糊付けは、整経した経糸に糊を付けていき、絣がずれないように糸を糊で固めています。長い糸に糊を付けるために、広い場所が必要になります。

糊付け

絣がずれないように糸を糊で固めていきます。何度も往復しながら糸に糊を付けていきます。絣を織り出すために欠かせない大切な工程です。

絣を括るのは男性の仕事になります。

糊付けして伸ばした経糸は、絣括りの職人のもとに渡します。図案を見ながら、絣の種類ごとに経糸を揃えていき、模様の部分を一箇所ずつ手によって括っていきます。この作業を手結と呼びます。木綿糸を20本束ねて結ぶことになり、かなりの力が必要になってきます。

絣括り

模様になる部分を木綿糸で括ります。絣の模様になる部分を1つずつ手で括っていく作業になります。しっかりと括らないと、染料が染み込まずにきれいな絣模様になりません。

紺色は琉球藍で染めていきます。

絣括りのあとに、糊を落としてから染めていきます。琉球絣は華やかで様々な色がありますが、基本となるのは藍色になります。この色の原料としては、沖縄本島北部で栽培されている琉球藍を使います。土に埋め込まれた藍甕に糸を入れて、最低10回以上は染め重ねをして、色に深みをだしていきます。この他にも、植物のほとんどが染料になります。茶色は芭蕉の葉、緑はサトウキビの葉を使って色をだしていきます。

細かい織りの工程を経て美しい絣模様が仕上がります。

染めが終わりますと、再び糊付けをして貼り伸ばしていきます。糊落としと染色のときに乱れた糸を整えるためにあります。このあとに、絣の括り糸を解いていきますが、今度は絣の模様を固定するために三回目の糊付けを施していきます。

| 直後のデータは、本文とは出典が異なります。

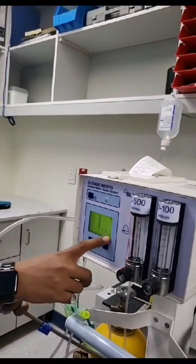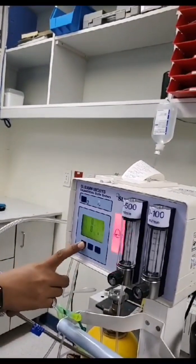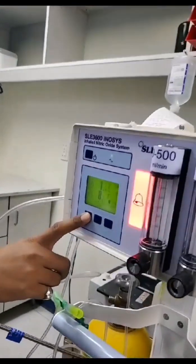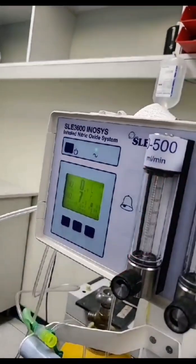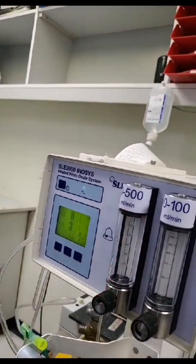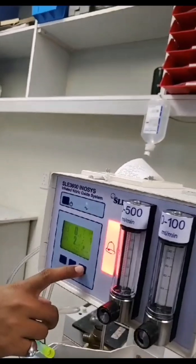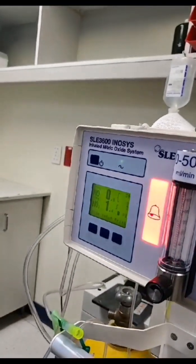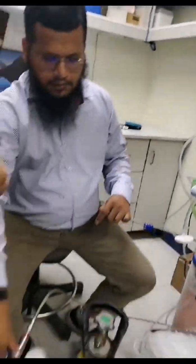So NO2 calibration is done. Continue. Yes. Calibration is done. Go exit. So wait until it comes to zero, then close the regulator.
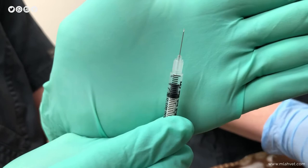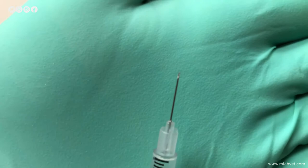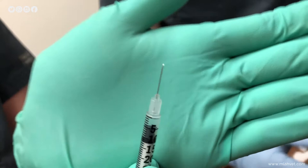The first thing you want to do when giving an injection to a reptile is look at your syringe and make sure that the bevel side is up. That's the little opening at the top of the needle — you just want to make sure that it's facing upwards when you give the injection.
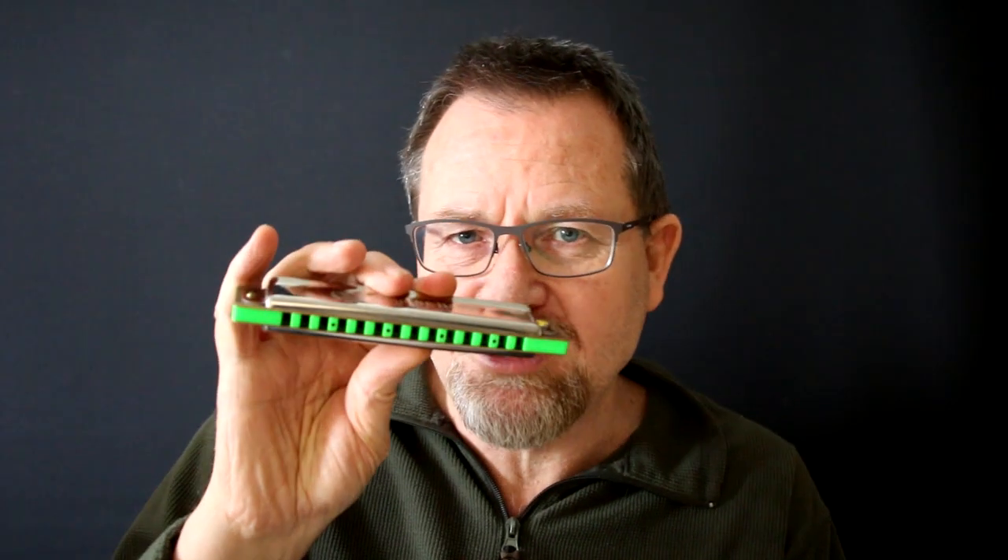This is a D SPS which I've retuned to double Paddy Richter. You can hear that was Paddy Richter in the normal low octave, and then I can go down lower.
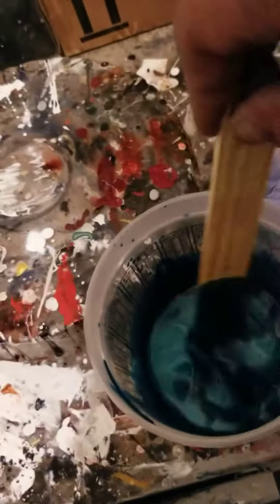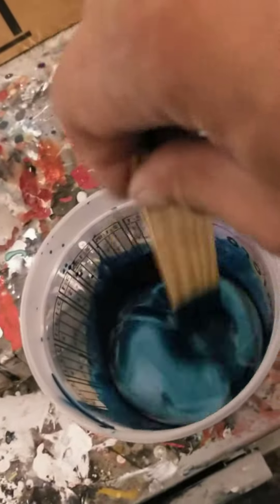Well, now we gotta mix it in. This is my first time making paint in a long time, by the way. Probably like over 10 years. Honestly, this might be the first time I ever made paint by myself. No, I did it when I was 18. Before I got injured.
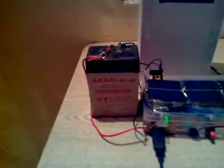Outside the circuit you can see there is a red bottle. Inside the bottle a 1-watt high power LED is connected. This is the rechargeable battery — you can use a 6-volt or 9-volt rechargeable battery.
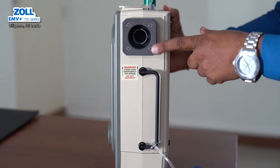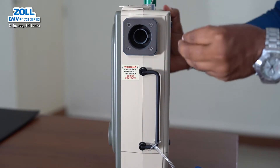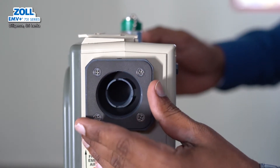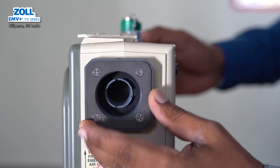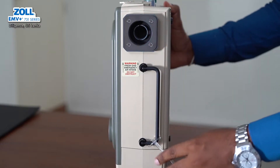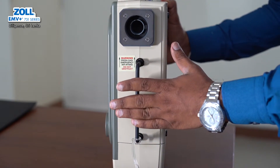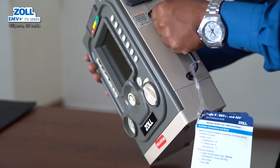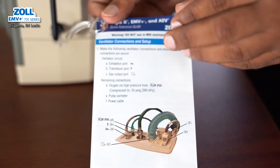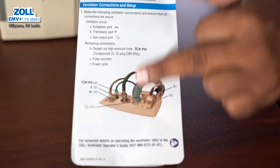This is the air intake. The machine takes in normal surrounding air. There are dust filters, and this is the BV filter. This is the handle. The machine weighs 4.8 kg. This is the quick reference guide. You can still operate the machine by connecting the tube connection to the panel.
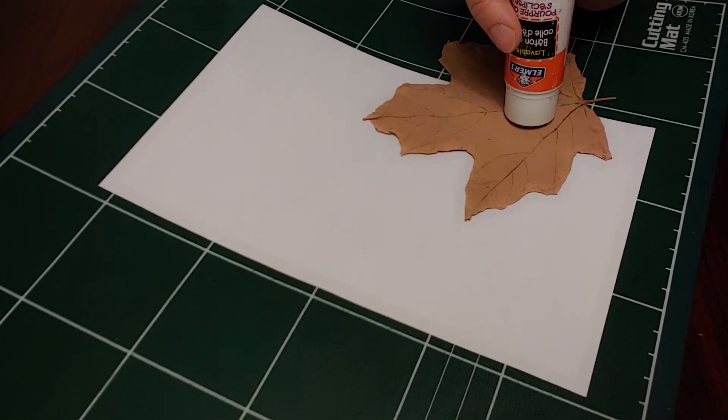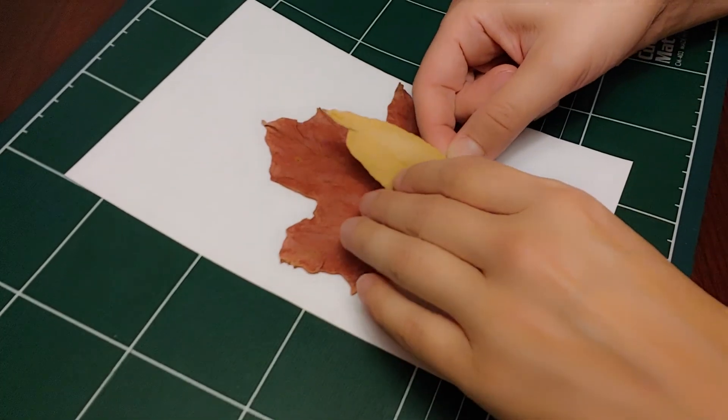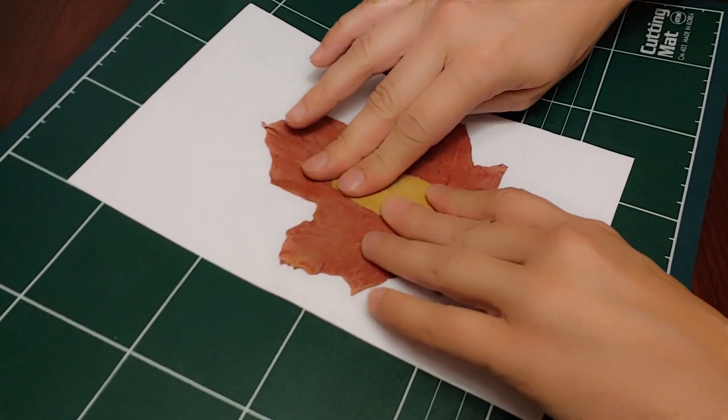Glue a big leaf on the paper. Glue a thin leaf on top of the big leaf.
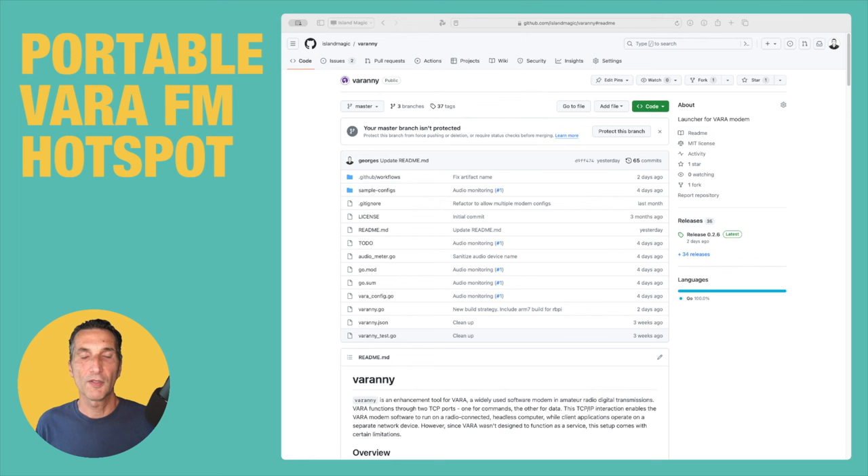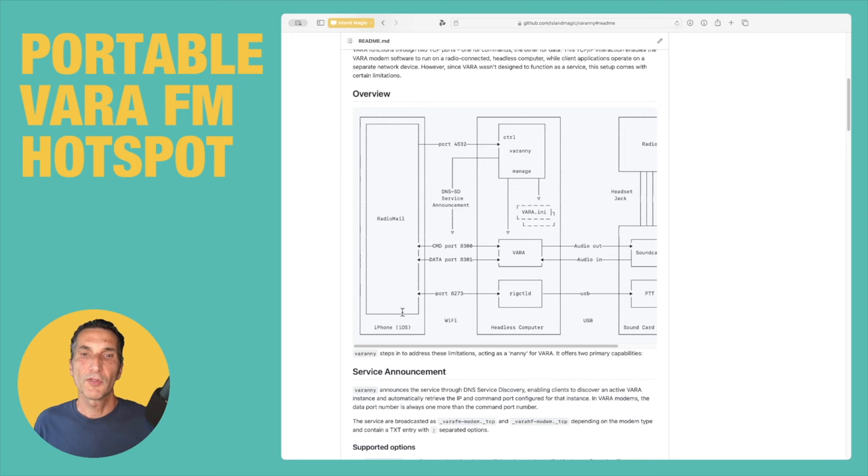Fortunately there is a solution: a program I created called VARAANI, which is meant to act as a nanny for VARA. Looking at the architecture diagram, if a client wants to connect to a headless computer it needs to know the address, host, and port to connect to VARA, and in some cases rig control for CAT control for VARA HF. All this information had to be configured manually previously. Much like you don't manually configure printers on a network anymore, you want service announcement — so job one for VARAANI is to broadcast DNS service announcement and declare on the network that there's a VARA instance, its name, and where to find it.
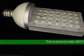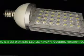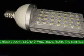This is product 26578, a 30-watt E39 LED light. NCNR. It operates between 90 to 260 VAC, available in white only, 6000 to 7000 Kelvin.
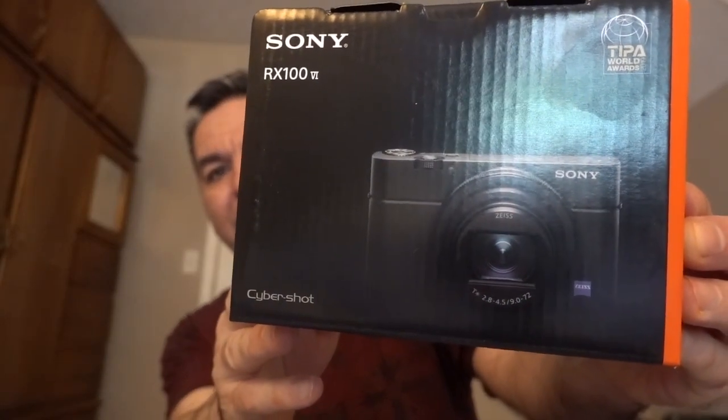This is the product right here and it's a battery charger. It's brand new — I have not opened it, as you can see, because I wanted to open it right in front of you. Now I'm going to share with you the camera that it's for.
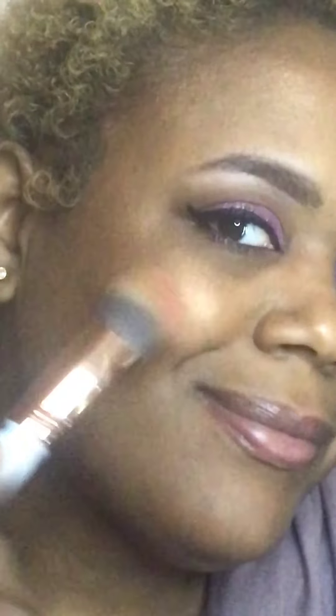After highlighting, I'm using the Wet n Wild Color Icon in Mellow Wine for blush — I feel like it contrasts well with this makeup look today. I lightly tap into it and blend it in for a blushing cheek effect. I'm using the same brush I used for highlight, blending it onto my cheeks and a little bit on the nose.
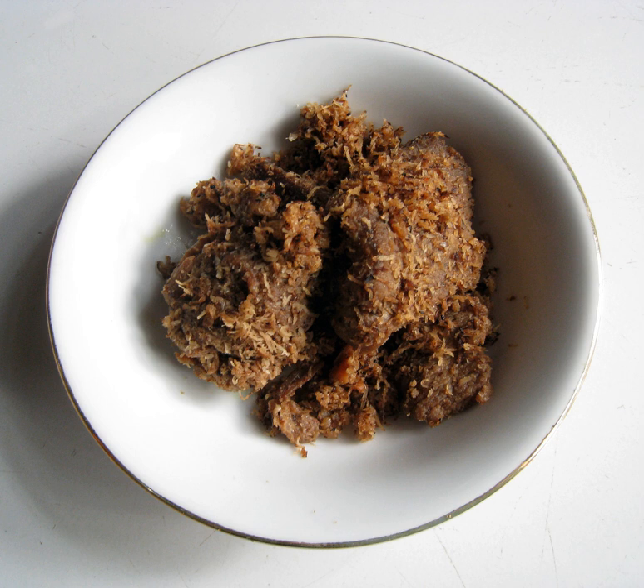In Malaysia, the term sarandang refers to meat floss instead; it can be mixed with grated coconut or not. While in Indonesia, meat floss is called abon, and sarandang is clearly referred to as spiced and sautéed grated coconut.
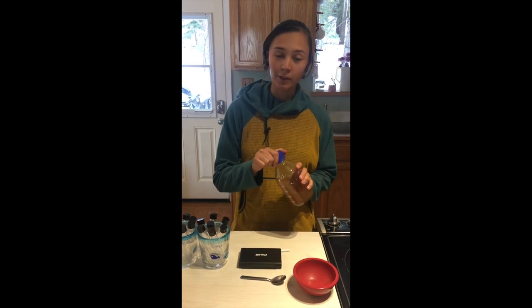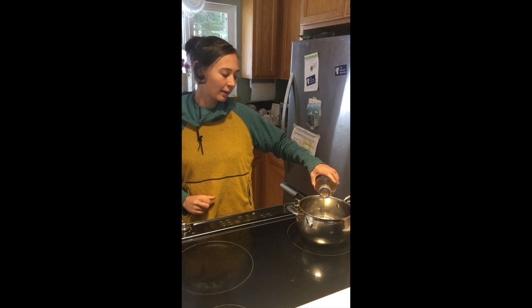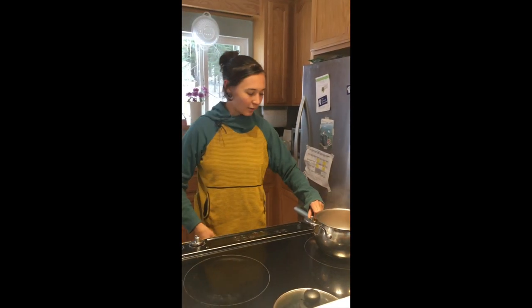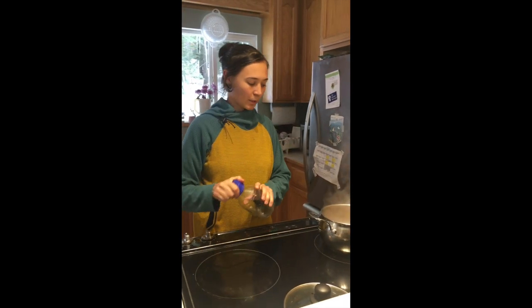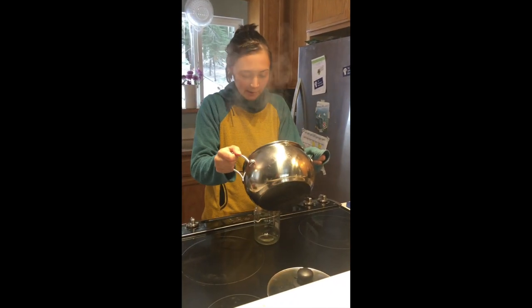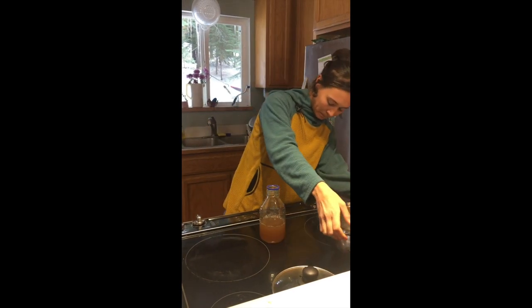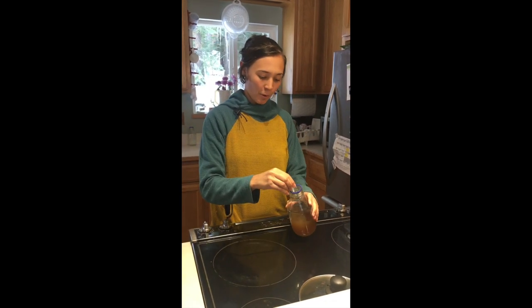What I'm gonna do first is heat it up so that once I put the agar in, the agar powder dissolves a little better. Our grain water is hot enough now — I didn't quite get it to boiling but it's pretty hot, as you can see. I'm just gonna pour it back into the media bottle.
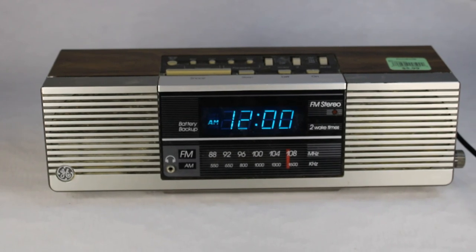Hey everybody, welcome to another video of vintage TV and radio stuff. Today we're featuring a General Electric clock radio — this is the model 7-4945A, an AM/FM clock radio with two wake times. Fancy! It was built back in the early 80s, and as you can see it's not set — we just plugged it in, so we're going to set the clock here in just a couple seconds.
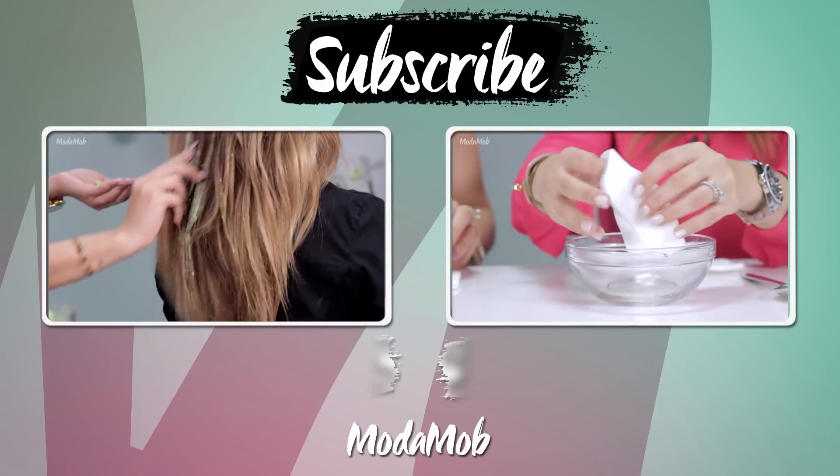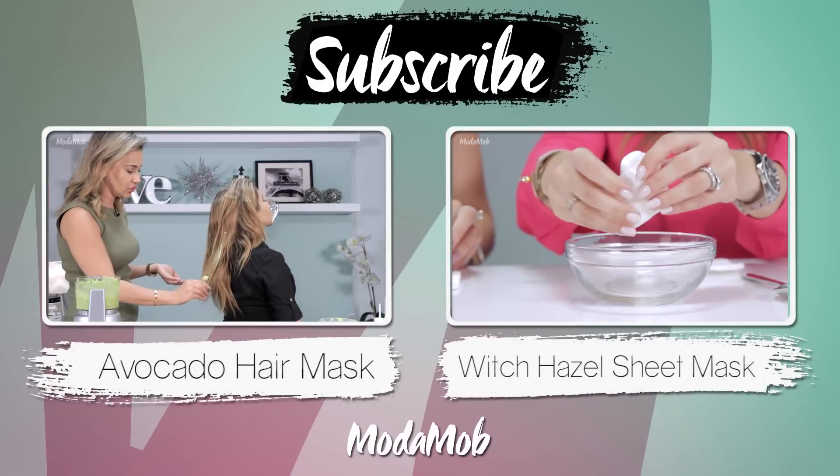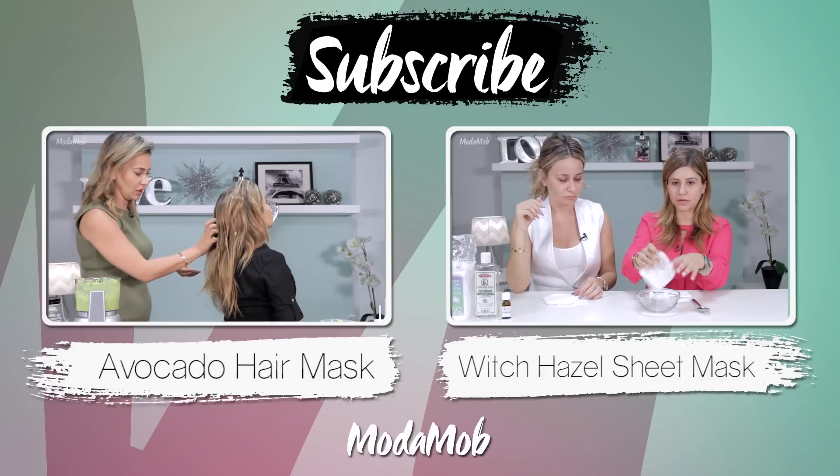I actually tried it with two different foundations because the first time I was like, there's no way it can make this big of a difference. I'm definitely going to look for an unscented version of the post shave balm. For $6 it really is a great buy — the one downside is the strong smell, so if you're sensitive to smells, go for an unscented or sensitive skin version. But other than that, it's an amazing buy for six bucks. Thanks for watching — make sure to subscribe and check out our avocado hair mask and witch hazel sheet mask!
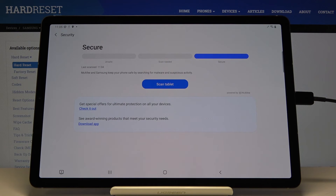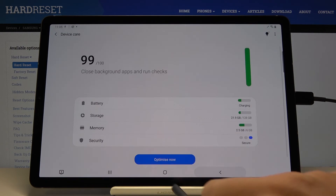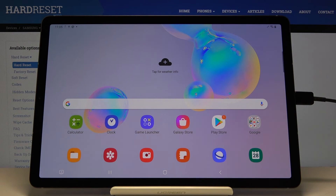And as you can see, that's it. Your device is secure, so you can check it whenever you want to if you have any doubts, but then just use your device in a normal way.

仕上がった糸を織手に渡します。そして、図案を見ながら経糸を筬に通して巻き取ります。この巻き取りは、琉球絣ならではの作業になります。

手織りされた反物は湯のしをして幅を整えます。整えて完成しますと、検品所に持っていき、検査を受けることになります。チェックポイントは多数あり、長さや幅、傷はもちろん織りの密度などが確認項目になっています。その検査に合格しますと、証紙が貼られ、商品として販売されることになります。

織り

昔ながらの木製の高機で織っていきます。絣糸と地糸を図案どおりに配置して、筬通しをして経糸の巻き取りをおこないます。櫛を使って糸を整えて、正確に巻き取っていきます。

巻き取られた経糸に糸をかけて、綜絖を作り出す綜絖がけは、南風原独特の技術になります。

高機を使って、緯糸を巻き取った杼(ひ)を投げながら織る手法は、昔のままです。絣模様を合わせながら織りますので、1日に2m程度のスピードになります。

検品

織り上がった反物をチェックします。検品は、琉球絣と南風原花織になり、どちらも検品に合格しますと証紙のシールが貼られます。